Pour le chef de l’Eglise maronite, le conflit sunnite-chiite a une seule conséquence, l’anéantissement des chrétiens qui sont le maillon faible démographiquement. Si les sunnites et les chiites se battront dans la rue, ce sont les chrétiens qui partiront, comme cela s’est déjà passé en Irak et en Syrie. Les chrétiens n’ont aucun intérêt à alimenter ce conflit et devenir des radicaux dans un camp ou dans un autre. Ces sources dévoilent l’incompréhension du patriarche face à l’appui populaire dont bénéficient Aoun et Geagea et se sent isolé dans un environnement populaire chrétien appuyant les deux leaders dans leur aventure personnaliste et intéressée. Il considère que le fait de brandir des positions telles que la protection des chrétiens, l’élection d’un président fort, redonner leurs droits aux chrétiens, etc.… sont des slogans vides, car personne ne travaille dans ce sens, alors que tous les deux ont leurs ministres et leurs députés au sein de l’Etat.
Joëlle Seif
Des émissaires patriarcaux
L’ancien ministre Abdallah Farhat, proche du patriarche Béchara Raï, confie: «Le patriarche veut redéfinir et redessiner le rôle des chrétiens au Liban. Au lieu d’être radicaux et de prendre parti pour un camp ou un autre, les chrétiens doivent se transformer en modérateurs et réconciliateurs des musulmans entre eux, d’où l’importance de son initiative pour inviter chez lui les instances suprêmes sunnites et chiites. Le sommet de Bkerké est un sommet de médiation politique intercommunautaire pour essayer de redessiner ce rôle du chrétien médiateur».

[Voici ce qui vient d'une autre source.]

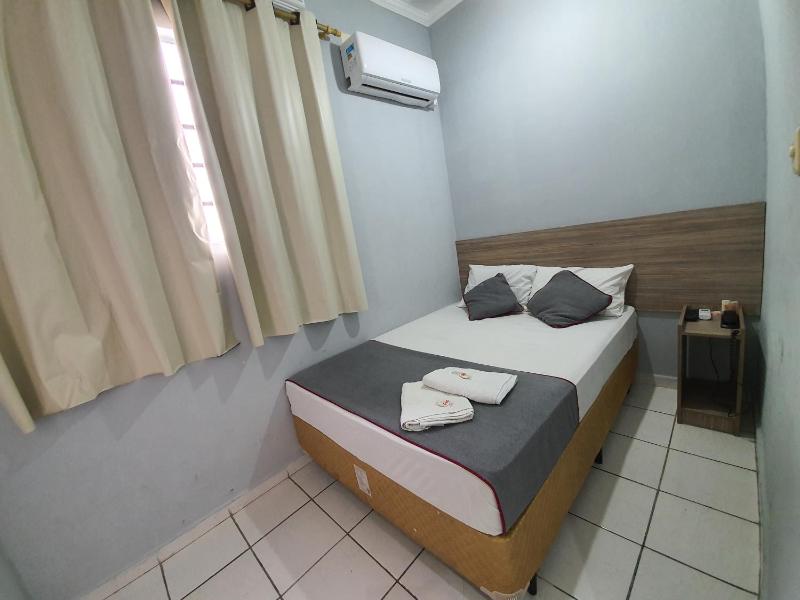 Double Room image 1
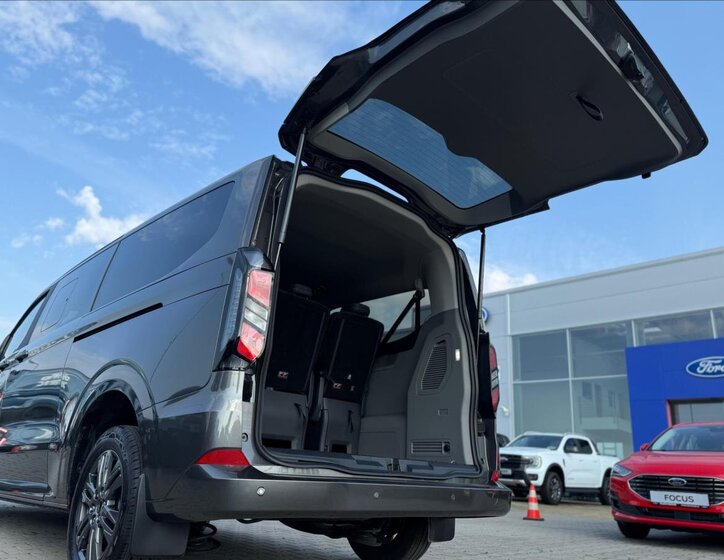 Ford Tourneo Custom 12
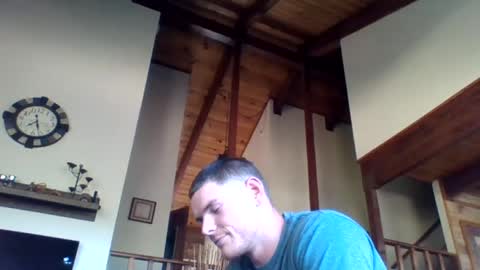 Snapshot of zachschaefer chatting on August 6, 11:17 pm zachschaefer online show from August 6, 11:17 pm
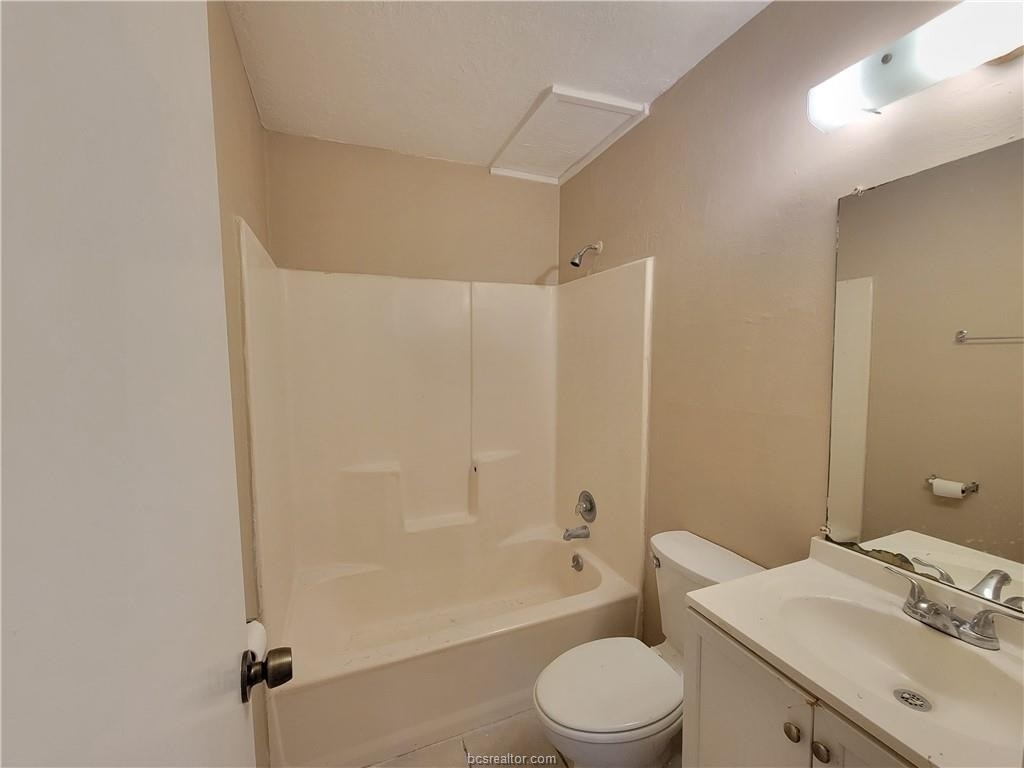 2403 Toro Lane - Photo 11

Les sources précitées rapportent qu’actuellement, le patriarche Raï réfléchit sur la possibilité d’envoyer des prélats auprès des grandes instances musulmanes, au Azhar, à Najaf, en Iran et en Arabie saoudite pour lancer une véritable initiative de réconciliation des communautés religieuses musulmanes, ce qui pourrait être un rôle historique que jouerait le patriarche maronite.